Step 4: Main Agent Verifies Against Requirement
Main agent has in context:
- Requirement document (from step 1)
- Changed code (from step 3)
- Task description
Verification checklist:
## 1. TESTS
- Run test suite: `pytest -q` (or project command)
- Check pass/fail counts
- Verify test coverage increased for new features
## 2. REQUIREMENT MATCH
- Does code implement what requirement specifies?
- Compare specific requirement text to code implementation
- Example: Requirement: "filter by status='ready'"
Code: WHERE status = 'ready' ✓
- Any requirement details missing?
## 3. INTEGRATION
- Connects to previous tasks?
- Provides what future tasks need?
- Can trace execution end-to-end?
## 4. COMPLETENESS
- Error handling present?
- Edge cases covered?
- Not just happy path?
## 5. CODE QUALITY
- Follows project conventions?
- Clear and maintainable?
- Any obvious issues?
If all checks pass: → Step 6 (update logs)
If any check fails: → Step 5 (create feedback, loop back)
Step 5: Loop Back for Fixes (If Needed)
Main agent creates specific feedback:
Issues found in Task N:
1. Tests: [X passed, Y failed - paste failures]
2. Requirement mismatch:
- Requirement says: "[quote exact text]"
- Code does: "[what's actually implemented]"
- Missing: "[specific gap]"
3. Integration gap: "[specific missing connection]"
4. Completeness: "[missing error handling]"
5. Code quality: "[issues with file:line]"
Dispatch fix subagent:
Task tool:
description: "Fix issues in Task N"
prompt: |
Fix issues in Task N: [name]
**ISSUES TO FIX:**
[Paste main agent's feedback above]
**REQUIREMENT CONTEXT:**
The requirement at ${REQUIREMENT_DOC} specifies:
[Quote relevant requirement that was missed]
Your implementation needs to match this exactly.
**YOUR JOB:**
1. Fix ALL issues listed
2. Priority: tests → requirements → integration → completeness → quality
3. Commit fixes
4. Report what was fixed
Context:
- Requirement: ${REQUIREMENT_DOC}
- Execution log: tmp/execution-log.md
After fix: Loop back to step 3 (read code, verify again)

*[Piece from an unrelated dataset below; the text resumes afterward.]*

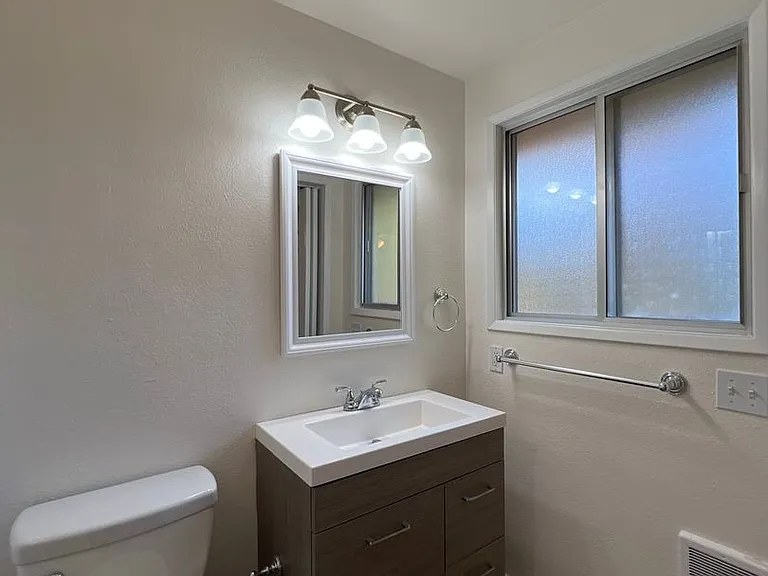 3355 Montebello Ave — Photo 16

Step 6: Update Logs and Mark Complete
Main agent updates execution log:
cat >> tmp/execution-log.md << EOF
**Completed:** $(date -u +%Y-%m-%dT%H:%M:%SZ)
**Status:** ✅ Complete
**Files changed:** [list]
**Tests:** [X passed, Y failed]
**Verification:**
- Requirement match: ✓
- Integration: ✓
- Completeness: ✓
**Iterations:** [1 = clean, 2+ = fixes needed]

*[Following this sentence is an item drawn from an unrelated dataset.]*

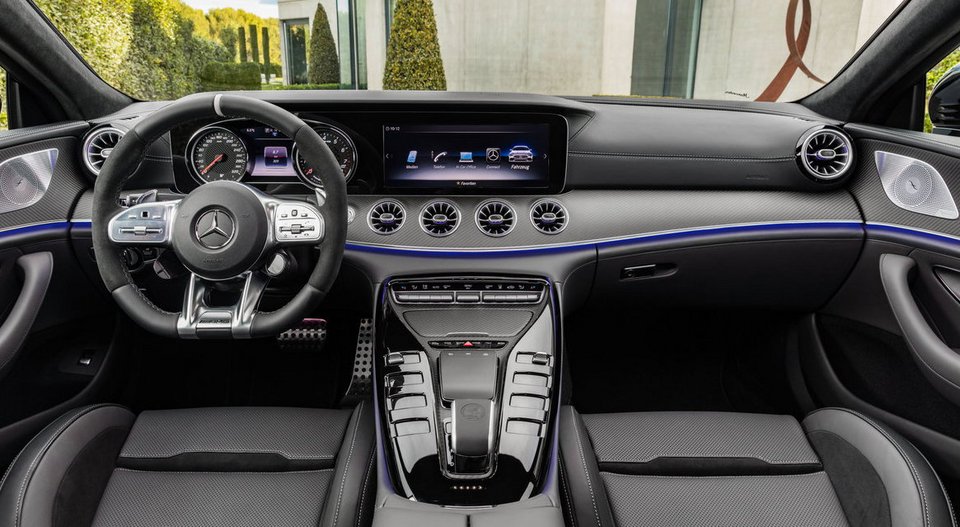 Μercedes-AMG GT 4 Door Coupe: Οικογενειακό super car | iefimerida.gr 5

**Key decisions:** [if any]
## Task $((N+1)): [Name] - PENDING
EOF
Update state file:
jq '.current_task += 1' tmp/.autonomous-execution-state.json > tmp/.state.tmp
mv tmp/.state.tmp tmp/.autonomous-execution-state.json
Mark TodoWrite task complete
Verify commit exists (subagent should have committed)
Step 7: Continue
Increment state, repeat from step 1 for next task.
Completion Phase
1. Write Final Report
Main agent creates final report:
# [Feature Name] - Final Report
**Completed:** [timestamp]
**Requirement:** ${REQUIREMENT_DOC}
**Duration:** [time]
**Tasks:** [X completed]
**Test progression:** [baseline → final]
## Summary
[What was built, key decisions, outcome]
## Requirements Verification
| Requirement | Implementation | Evidence |
|-------------|----------------|----------|
| [Req text] | ✅ Complete | [file:line] |
| [Req text] | ✅ Complete | [file:line] |
## Key Decisions
1. **[Decision]:** [rationale]
## Task Completion
| Task | Status | Files | Tests | Iterations |
|------|--------|-------|-------|------------|
| 1. [Name] | ✅ | [count] | [pass] | 1 |
## Recommendations
- [Future work or monitoring]
Location: docs/plans/YYYY-MM-DD-[feature]-final-report.md
2. Commit and Cleanup
# Commit final report (permanent deliverable)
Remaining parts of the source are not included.